Kunnen jullie mij hierbij helpen..... ik sta ook open voor mooie betekenisvolle meisjes of jongensnamen.

----------


## taziaatjuh

> _Geplaatst door sannae82_ 
> *Ik ben momenteel 7 mnd zwanger en heb van een goede vriendin een lijst gekregen met islamitische namen. Hierop stonden de namen: mariya, Sofia, Sarah, Daniel (?), Dean, Tobias (?) en Benjamin op.
> 
> Op diverse sites wordt aangegeven dat het hier daawerkelijk om arabische namen gaat. Echter het Marokkaanse consulaat stemt met geen van de namen in. Het zijn islamitische namen, maar waarom worden deze niet goedgekeurd?
> 
> Ik snap dat het bij het conulaat gaat om islamitische marokkaanse kindernamen, maar waar Sarah...
> 
> Kunnen jullie mij hierbij helpen..... ik sta ook open voor mooie betekenisvolle meisjes of jongensnamen.*


 allereerst, moge jouw kind inchalah een gezond en veelbelovend moslim worden... persoonlijk vind ik de oeroude (!) sahaba namen nog steeds het mooist. sheik al keshk zegt vaak in zijn lezingen dan voor een meisje de name Khadija en Fatima het mooist zijn (kijk eens naar de personen daarachter) en verder zijn er in verschillende bronnen duidelijkgemaakt dat namen van sahaba en namen mer 3abd... (ilah) het beste zijn voor jongens...dit als je het hierop wil baseren... als je een mooie naam van de tegenwoordige tijd wil dan kan ik je bv Aya aanbevelen voor een meisje etc.. tja ik heb er ook niet veel verstand van  :knipoog:

----------


## MarinadeMix

> _Geplaatst door sannae82_ 
> *Ik ben momenteel 7 mnd zwanger en heb van een goede vriendin een lijst gekregen met islamitische namen. Hierop stonden de namen: mariya, Sofia, Sarah, Daniel (?), Dean, Tobias (?) en Benjamin op.
> 
> Op diverse sites wordt aangegeven dat het hier daawerkelijk om arabische namen gaat. Echter het Marokkaanse consulaat stemt met geen van de namen in. Het zijn islamitische namen, maar waarom worden deze niet goedgekeurd?
> 
> Ik snap dat het bij het conulaat gaat om islamitische marokkaanse kindernamen, maar waar Sarah...
> 
> Kunnen jullie mij hierbij helpen..... ik sta ook open voor mooie betekenisvolle meisjes of jongensnamen.*


De mensen die daar werken hebben meestal weinig te doen en gaan daarom mensen lastigvallen.

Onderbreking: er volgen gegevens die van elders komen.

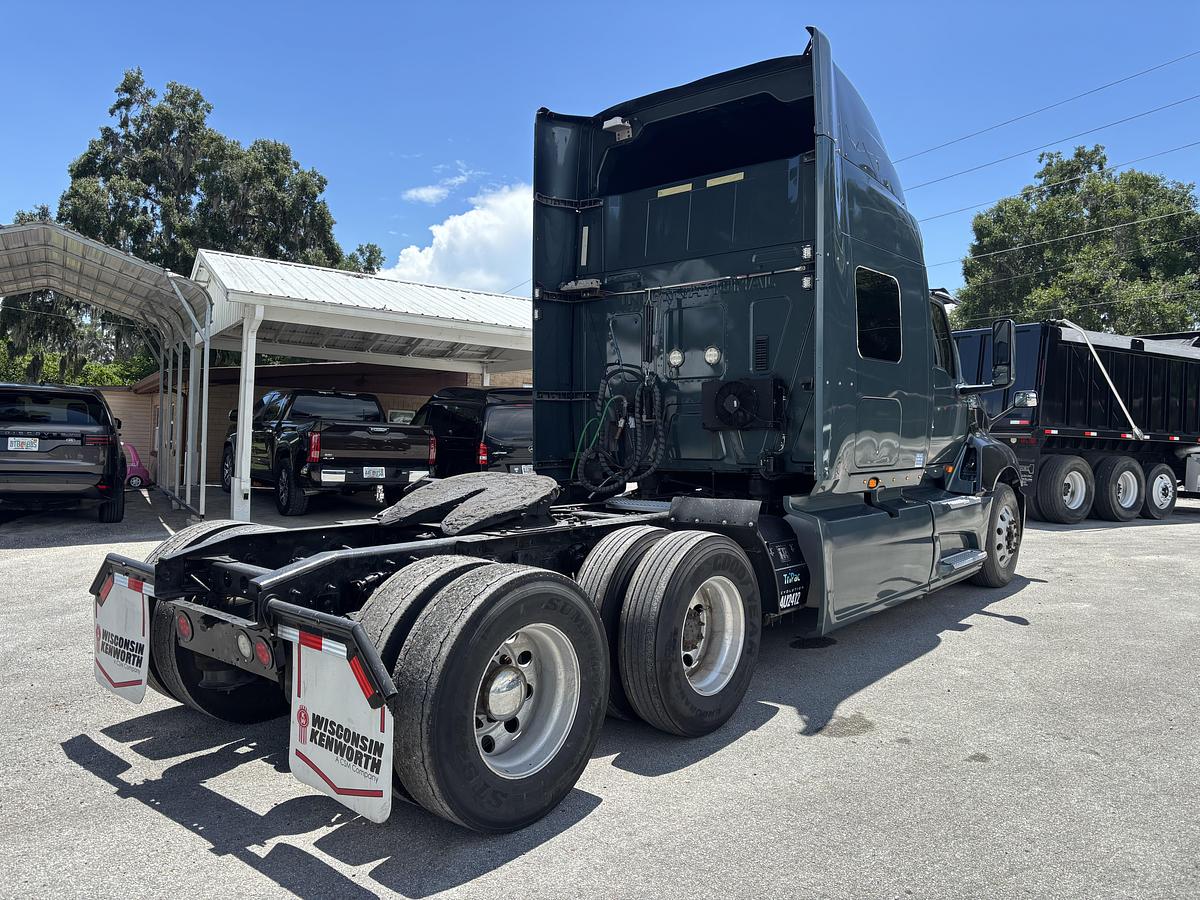Used 2018 International LT625 #5778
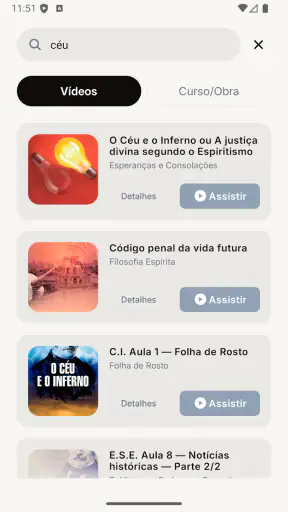 KardecPlay screenshot 5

Ik zou zelf voor Mirjam (maria) gaan, een prachtige naam  :knipoog: 

Ik wens je veel succes inshaallah en moge Allah (swt) je een gezonde baby schenken.

----------


## Eelke

Of gewoon een naam kiezen die je wilt en je kind niet aangeven bij het consulaat. 

Groet, groet Eelke

----------


## ibnu

> _Geplaatst door Eelke_ 
> *Of gewoon een naam kiezen die je wilt en je kind niet aangeven bij het consulaat. 
> 
> Groet, groet Eelke*


Tja.. wat is het gevolg? .. 

Raar consulaat trouwens als die niet gewoon kan accepteren wanneer je je EIGEN kind een 'afwijkende' naam wilt geven.

----------


## Eelke

> _Geplaatst door ibnu_ 
> *Tja.. wat is het gevolg? ..*


Dat het kind op een Nederlands paspoort naar Marokko op vakantie moet en zijn kinderen volgens mij geen recht meer hebben op een Marokkaans paspoort. 




> _Geplaatst door ibnu_ 
> *Raar consulaat trouwens als die niet gewoon kan accepteren wanneer je je EIGEN kind een 'afwijkende' naam wilt geven.*


Dit is in Nederland ook zo, al zijn de regels daar veel ruimer. Alleen als de naam "ten nadele" van het kind is wordt het geweigerd. 

Groet, groet, Eelke

----------


## ibnu

> _Geplaatst door Eelke_ 
> *
> Dit is in Nederland ook zo, al zijn de regels daar veel ruimer. Alleen als de naam "ten nadele" van het kind is wordt het geweigerd. 
> *


Ja dat is ook zo.. da's waar ook..

Slip of the brain.. 
 :maf:

----------


## Tofele Moon

> _Geplaatst door sannae82_ 
> *Ik ben momenteel 7 mnd zwanger en heb van een goede vriendin een lijst gekregen met islamitische namen. Hierop stonden de namen: mariya, Sofia, Sarah, Daniel (?), Dean, Tobias (?) en Benjamin op.
> 
> Kunnen jullie mij hierbij helpen..... ik sta ook open voor mooie betekenisvolle meisjes of jongensnamen.*


Mariya is de Arabischa variant van het Hebreeuwse 'Miriam'.
Sofia is Grieks en betekent 'wijsheid'.
Sarah is oorspronkelijk Hebreeuws en betekent 'prinses' of 'vorstin', maar het was de naam van de vrouw van de profeet Ibrahim, dus waarom dat op het Marokkaanse consulaat niet wordt geaccepteerd is me een raadsel.
Daniel is Hebreeuws (betekenis weet ik even niet), maar ook een naam van een door de islam erkende profeet (zijn graf in Susa (Iran) is een behoorlijk heiligdom).
Dean is bij mijn weten Iers (tenzij je het Arabisch Dien, 'geloof' bedoelt, dat klinkt hetzelfde.
Tobias is Hebreeuws.
Benjamin ook.

Mijn persoonlijke favorieten: Chahida, Layla, Anuar en Aziz (qua Arabische namen dan).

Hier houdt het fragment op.